On retrouve en effet ici plusieurs ingrédients typiques du giallo. Une héroïne qui se retrouve mêlée malgré elle à une histoire de meurtre, et qui va décider d'enquêter par ses propres moyens. Une ambiance urbaine, nocturne, et cauchemardesque. Avec un soupçon de fantastique : l'héroïne a-t-elle rêvé le meurtre dont elle a été témoin ? S'agissait-il d'un spectre d'un meurtre passé ? Le thème de la perception d'un événement clé sera par ailleurs également un thème récurrent chez Dario Argento.
Sauf qu'il faut quand même admettre que le scénario est ici bancal. L'intrigue n'est guère palpitante, et pas très plausible. Et l'on oscille maladroitement entre quelques touches d'humour (certes réussies), du polar, de l'horreur, et de la romance (!).
Avec en prime cette voix-off qui intervient de temps à autre de manière poussive. J'en comprends bien le sens : notre héroïne étant amatrice de romans policier, cette voix représente celle d'un narrateur de l'histoire dont l'héroïne s'imagine être la protagoniste. Mais on aurait pu allègrement s'en passer...

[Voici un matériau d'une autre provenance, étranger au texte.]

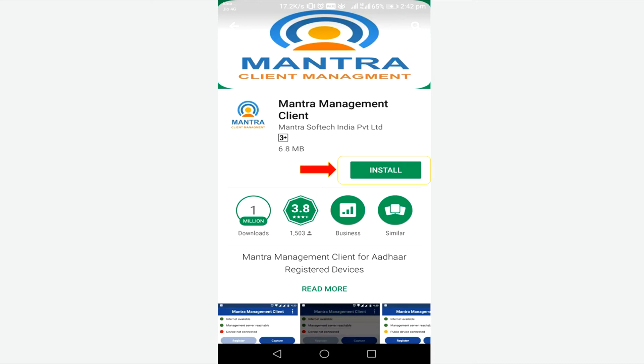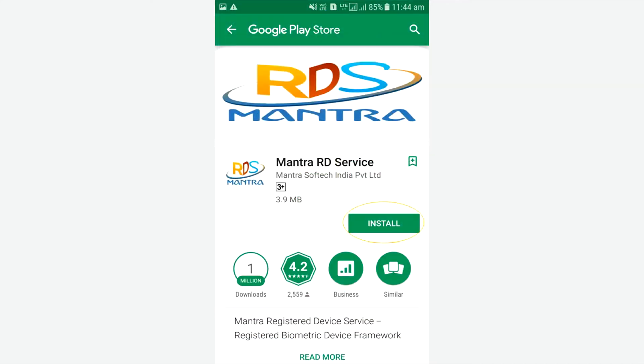The agent needs to install one more app — Mantra RD Services. Type 'Mantra RD Services' in the search bar and install it.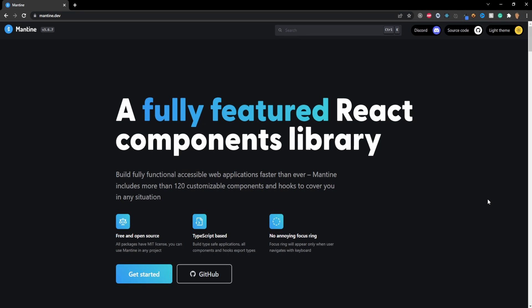How's it going everybody and welcome to my first ever course. In this course we're going to be learning how to use the Mantine library. I think this is a really cool library with a lot of great potential and in today's video we're going to be learning how to set up a basic React TypeScript app with this library and all the npm packages that we need.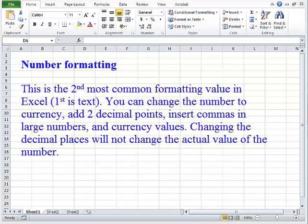Number Formatting. This is the second most common formatting value in Excel. The first is text.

Heureusement, sur la forme c'est assez soigné. D'abord, Mario Bava utilise pleinement la ville de Rome, nous offrant pratiquement une visite touristique de la cité antique. La Place d'Espagne étant un lieu très récurrent. Avouez qu'il y a bien pire comme cadre !
Et puis le réalisateur se montre à l'aise avec le noir & blanc. Jouant régulièrement sur les éclairages, les recoins sombres, les contrastes, et les angles de caméra malaisant. Étonnement, ce sera le dernier film en noir & blanc de Mario Bava. Anecdote amusante : Bava aurait avoué avoir trouvé le scénario un peu bête, et se serait donc focalisé sur la technique lors du tournage...
Enfin, le couple formé par John Saxon et Leticia Roman est franchement mignon, et leurs scènes communes sympathiques (bien que tranchant parfois totalement avec le reste). Je crois pleinement Luiggi Cozzi, qui a raconté que le film aurait été écrit initialement comme une romance !
A l'arrivée donc, un proto-giallo inégal en ce qui me concerne.
A noter qu'il en existe une version américaine, titrée "Evil Eye". Ne vous faites pas avoir, il ne s'agit pas d'un simple doublage ou retitrage. Cette version a changé la musique, la fin du film italien, et elle a ajouté/supprimé des scènes.